There is nothing more to discuss, just a firm resolve forward into silence. Executing on task after task in a futile effort to fill a nameless void. Ceaselessly, until the end of time.
Somewhere, deep in a dark place, a solitary statue stirs and a crack forms down its side…
The more I learn the more I understand why people work so hard to succeed. It’s because we all start so far away from any meaningful end game. Each insight takes me one step forward rationally, but it feels like a net loss because my position on the game board becomes more clear. It’s almost as if the more I learn the further backwards I find myself. It’s an interesting dilemma because I can’t go back and willing ignorance isn’t an option. Moving forward increases my intelligence and allows me to see reality more clearly, but it paints a much bleaker picture overall. I wonder if there is a way to negate the effect of moving backwards by somehow accurately pinpointing your position on the game board so new insights only felt like a step forward?
Logic, rationality, philosophy, and science. These pursuits construct tools inside your mind for interpreting reality. It then becomes less an aimless struggle for self-awareness and more about cultivating good decisions over a long stretch of time. A game of statistics that’s less focused on you as an individual and more on navigating an external game board. How do you maximize your successes? What direction are you traveling in? Knowing who you are is still important, but maybe you are equally defined by the path forward as by the path behind.
Being thoughtful and labeled as someone who thinks about others is yet another calculation. There are 24 hours in a day, you sleep on average 8 of them, you spend another 10-12 working, at school, or tending to necessities. That leaves 4-6 hours each day that you can customize to your liking. Those 4-6 precious hours are yours to spend however you wish and those who are more selfish spend a higher percentage of them thinking about themselves and their own endeavors. Let’s say the average person spends 5% of their time thinking about others in some meaningful way while a selfish person spends 1%. Let’s then average 4-6 hours to 5 and convert it to minutes = 300 minutes. At 5% that is 15 minutes per day that the average person goes out of their way to really think about another person’s well-being and ways they could help improve it. 1% would be 3 minutes. Someone who is “thoughtful” might adjust that percentage to 10% and spend 30 minutes per day thinking about others. The point is, we go about our days not reflecting on how we really spend our time, and even less on adjusting them to reach our goals. This thought process could be applied to many different things. For awhile, I conducted an experiment using Toggl where I tracked every minute of my day for weeks. It revealed new insights about how I really spend my time and, as a result, who I really am.

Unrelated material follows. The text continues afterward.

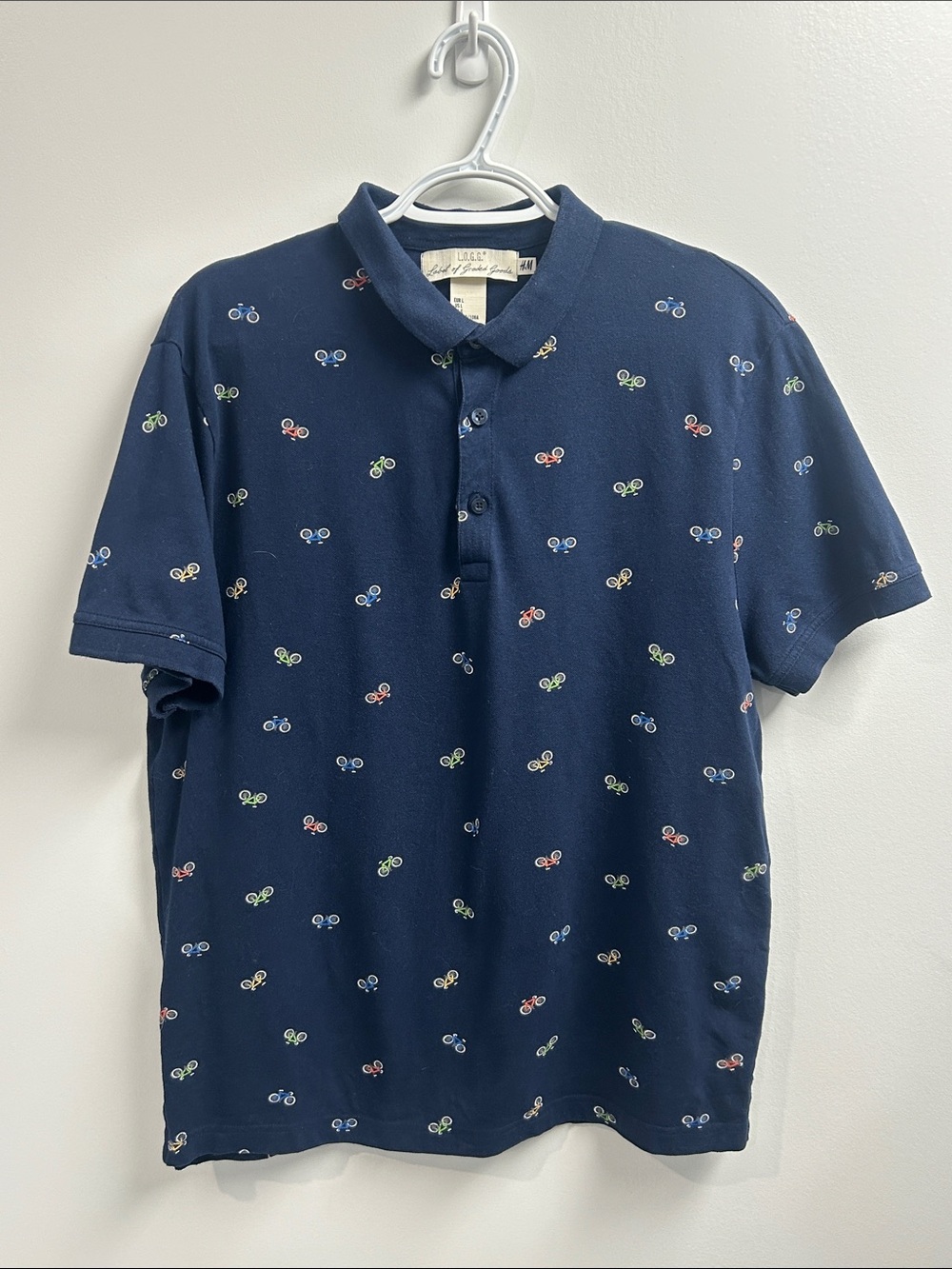 H&M Navy Polo with Multicolor Bicycle Embroidery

Last night I made popcorn and brought it into my room. My dog Ellie followed eagerly as I picked up the first kernel. An automatic thought entered my mind which said, “don’t give it to her, you need to take the first bite.” It was a subtle sign of dominance. I am the pack leader and I must prove it by eating first. It was embarrassing. I handed her the first bite and said an audible, “fuck you” to myself. There’s probably a logical reason why this trigger exists, but is it necessary in the modern world? It was remarkably subtle and made me wonder how many little loops like this I miss on a regular basis. I’d imagine it affects my relationships with people too. Automatic responses that modify how people see me and I have no strategic control over it. I have been able to catch some of them though by asking simple, obvious questions like: what am I doing right now? Why am I doing it? And are there alternative options I’m not considering? It takes skill and regular practice to answer them in a useful way, but can help reveal even the most subtle of automatic behaviors.